= Romeo Nelson =

Iromeio "Romeo" Nelson (March 12, 1902 – May 17, 1974) was an American boogie woogie pianist whose recordings from 1929 are regarded as some of the finest, and certainly the fastest, boogie woogie showpieces on record.

Born in Springfield, Tennessee, he moved to Chicago at the age of six. For most of his life he played piano at rent parties in the city, although he also lived in East St. Louis for a while in the early 1920s.

In 1929, he made his only series of recordings for Vocalion Records. These included "Gettin' Dirty Just Shakin' That Thing", renowned for its raunchy "signifying" lyrics, and "Head Rag Hop", featuring talking by Tampa Red and Frankie Jaxon.

"Head Rag Hop" also was released on the Brunswick Collector Series label, which read: "Head Rag Hop", Romeo Nelson, recorded September 1929. On the b-side of this 78 rpm record is "Wilkins Street Stomp", by Speckled Red.
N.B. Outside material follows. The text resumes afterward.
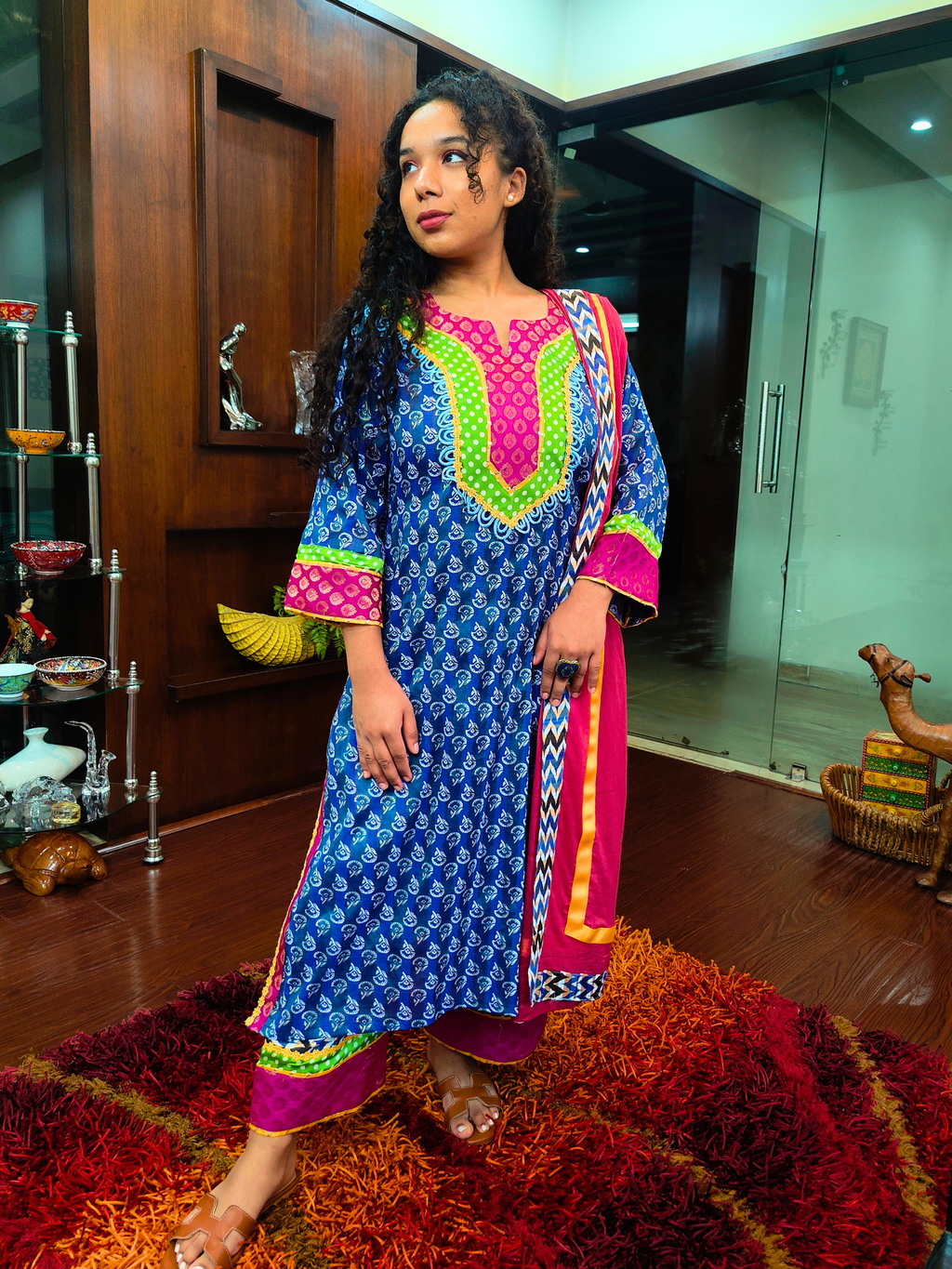 Blue Digital Printed Green Polka Dot Cotton Stitched Suit Set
The record was part of a Brunswick album titled: Boogie Woogie Piano, Historic Recordings by Pioneer Piano Men. Also featured were: Montana Taylor, Speckled Red, and Cow Cow Davenport.

Nelson died of renal failure, in Chicago, Illinois, in May 1974. In 2016 the Killer Blues Headstone Project placed a headstone for Romeo Nelson at Restvale Cemetery in Alsip, Illinois.